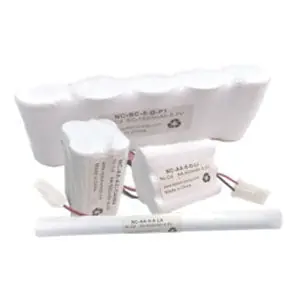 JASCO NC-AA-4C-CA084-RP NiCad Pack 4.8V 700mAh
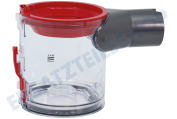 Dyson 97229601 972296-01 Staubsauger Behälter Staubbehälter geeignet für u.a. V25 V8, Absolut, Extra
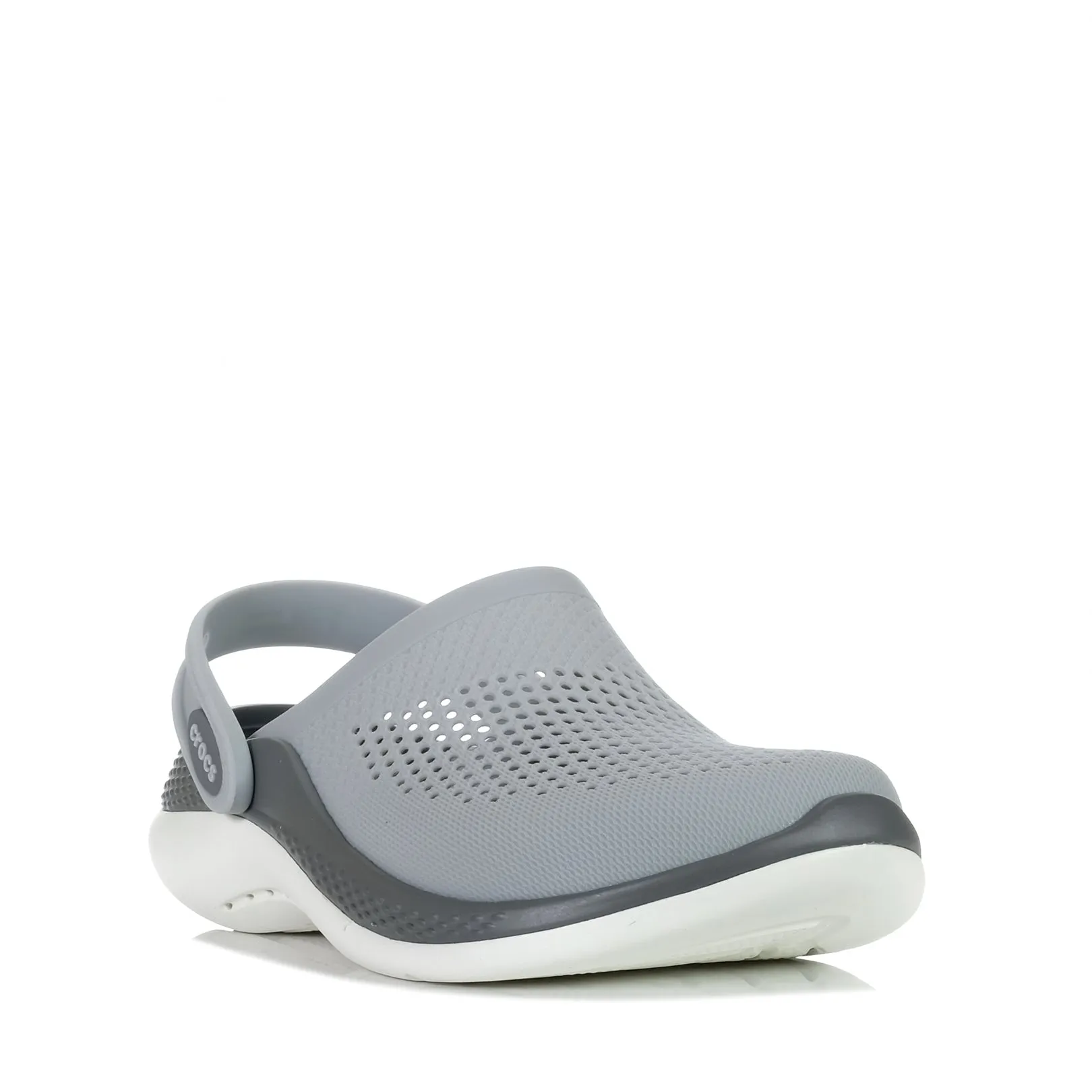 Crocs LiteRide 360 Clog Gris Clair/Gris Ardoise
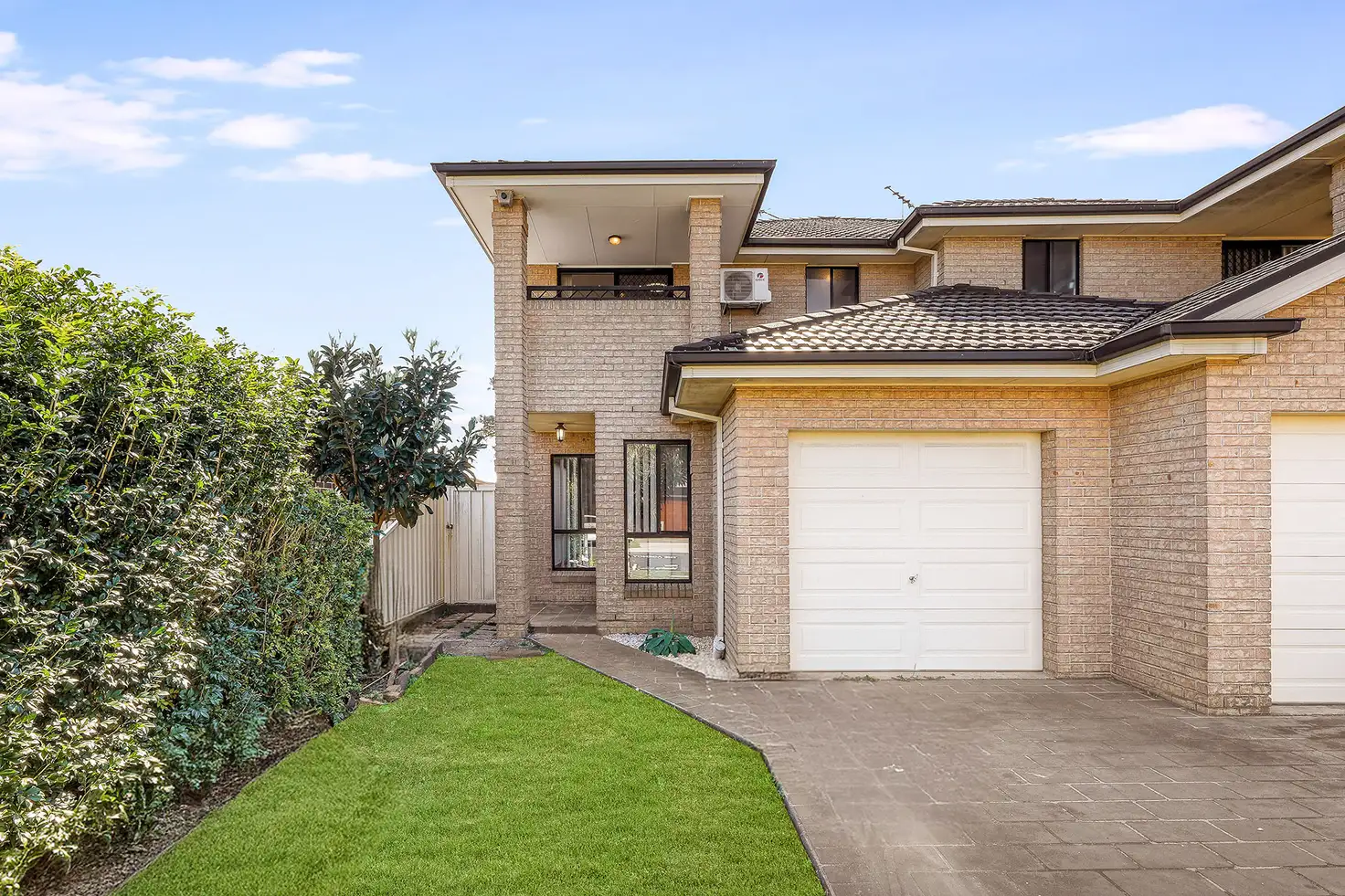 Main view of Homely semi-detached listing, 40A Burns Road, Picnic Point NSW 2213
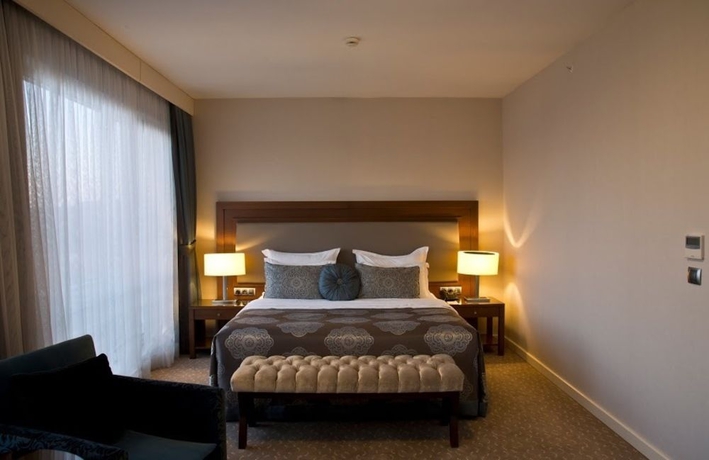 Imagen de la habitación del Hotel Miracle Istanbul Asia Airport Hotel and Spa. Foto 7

* * *

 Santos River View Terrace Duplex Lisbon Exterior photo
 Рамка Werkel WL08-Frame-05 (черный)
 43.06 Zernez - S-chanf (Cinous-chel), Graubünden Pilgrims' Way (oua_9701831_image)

__TASK TO COMPLETE__. Repeat the lines above exactly, beginning with the one containing "Main view of" and finishing with the one containing "Imagen de la". No pictures belong in the copy.

__ANSWER TO THIS TASK__.
 Main view of Homely semi-detached listing, 40A Burns Road, Picnic Point NSW 2213
 Imagen de la habitación del Hotel Miracle Istanbul Asia Airport Hotel and Spa. Foto 7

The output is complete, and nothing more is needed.